OpenTelemetry in Practice: Building a Complete Observability Stack in 2026
in Devops on Opentelemetry, Observability, Monitoring, DevOps, Grafana, Jaeger, Prometheus, Logging
OpenTelemetry in Practice: Building a Complete Observability Stack
Your application is in production. Something’s slow. Where do you look? If your answer involves SSH-ing into servers and grep-ing logs, it’s time for an upgrade. OpenTelemetry (OTel) has become the standard for observability — here’s how to implement it properly.

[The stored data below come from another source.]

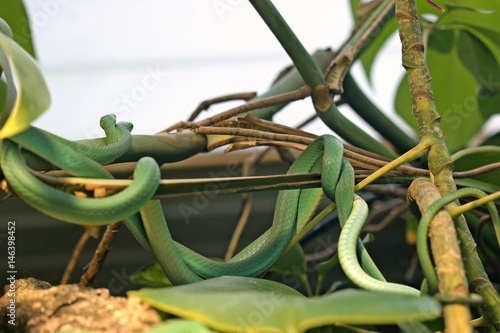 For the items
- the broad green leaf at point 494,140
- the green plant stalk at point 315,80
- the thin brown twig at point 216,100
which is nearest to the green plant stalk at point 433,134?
the green plant stalk at point 315,80

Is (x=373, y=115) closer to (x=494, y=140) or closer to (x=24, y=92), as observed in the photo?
(x=494, y=140)

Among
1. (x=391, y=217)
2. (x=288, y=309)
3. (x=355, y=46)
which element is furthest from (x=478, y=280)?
(x=391, y=217)

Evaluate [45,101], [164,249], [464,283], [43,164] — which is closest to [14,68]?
[45,101]

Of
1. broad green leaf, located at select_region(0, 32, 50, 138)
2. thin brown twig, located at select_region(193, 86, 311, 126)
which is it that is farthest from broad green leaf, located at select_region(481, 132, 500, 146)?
broad green leaf, located at select_region(0, 32, 50, 138)

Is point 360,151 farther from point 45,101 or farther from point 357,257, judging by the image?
point 45,101

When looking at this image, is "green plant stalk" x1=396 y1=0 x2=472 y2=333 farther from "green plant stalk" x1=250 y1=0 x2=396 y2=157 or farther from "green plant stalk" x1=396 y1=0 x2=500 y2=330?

Photo by Luke Chesser on Unsplash
Why OpenTelemetry Won
Before OTel, every observability vendor had its own SDK. Switch from Datadog to New Relic? Reinstrument everything. OpenTelemetry fixes this:
- Vendor-neutral: Instrument once, send data anywhere
- Three pillars: Traces, metrics, and logs — unified under one framework
- CNCF graduated: Same trust level as Kubernetes and Prometheus
- Broad language support: Go, Java, Python, Node.js, .NET, Rust, and more
In 2026, OpenTelemetry is not a bet — it’s the standard. Major vendors (Datadog, New Relic, Grafana, Splunk) all accept OTel data natively.
The Architecture
Your App (OTel SDK)
↓ OTLP
OTel Collector (process, filter, route)
↓
┌────────────────────────────────┐
│ Traces → Jaeger / Tempo │
│ Metrics → Prometheus / Mimir │
│ Logs → Loki / Elasticsearch │
└────────────────────────────────┘
↓
Grafana (unified dashboards)
The Collector is the key piece. It decouples your application from your backends, letting you switch, duplicate, or filter telemetry without code changes.

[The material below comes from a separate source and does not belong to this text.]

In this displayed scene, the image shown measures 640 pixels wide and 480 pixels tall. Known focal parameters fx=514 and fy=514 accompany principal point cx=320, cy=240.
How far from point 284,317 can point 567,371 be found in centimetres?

Step 1: Instrument Your Application
Node.js / TypeScript
// tracing.ts — import this before anything else
import { NodeSDK } from "@opentelemetry/sdk-node";
import { OTLPTraceExporter } from "@opentelemetry/exporter-trace-otlp-grpc";
import { OTLPMetricExporter } from "@opentelemetry/exporter-metrics-otlp-grpc";
import { PeriodicExportingMetricReader } from "@opentelemetry/sdk-metrics";
import { getNodeAutoInstrumentations } from "@opentelemetry/auto-instrumentations-node";
import { Resource } from "@opentelemetry/resources";
import {
ATTR_SERVICE_NAME,
ATTR_SERVICE_VERSION,
} from "@opentelemetry/semantic-conventions";
const sdk = new NodeSDK({
resource: new Resource({
[ATTR_SERVICE_NAME]: "api-service",
[ATTR_SERVICE_VERSION]: "1.4.2",
"deployment.environment": process.env.NODE_ENV || "development",
}),
traceExporter: new OTLPTraceExporter({
url: "http://otel-collector:4317",
}),
metricReader: new PeriodicExportingMetricReader({
exporter: new OTLPMetricExporter({
url: "http://otel-collector:4317",
}),
exportIntervalMillis: 30000,
}),
instrumentations: [
getNodeAutoInstrumentations({
"@opentelemetry/instrumentation-http": {
ignoreIncomingRequestHook: (req) =>
req.url === "/health" || req.url === "/ready",
},
"@opentelemetry/instrumentation-express": { enabled: true },
"@opentelemetry/instrumentation-pg": { enabled: true },
"@opentelemetry/instrumentation-redis": { enabled: true },
}),
],
});
sdk.start();
Auto-instrumentation captures HTTP requests, database queries, Redis calls, and more — without touching your application code.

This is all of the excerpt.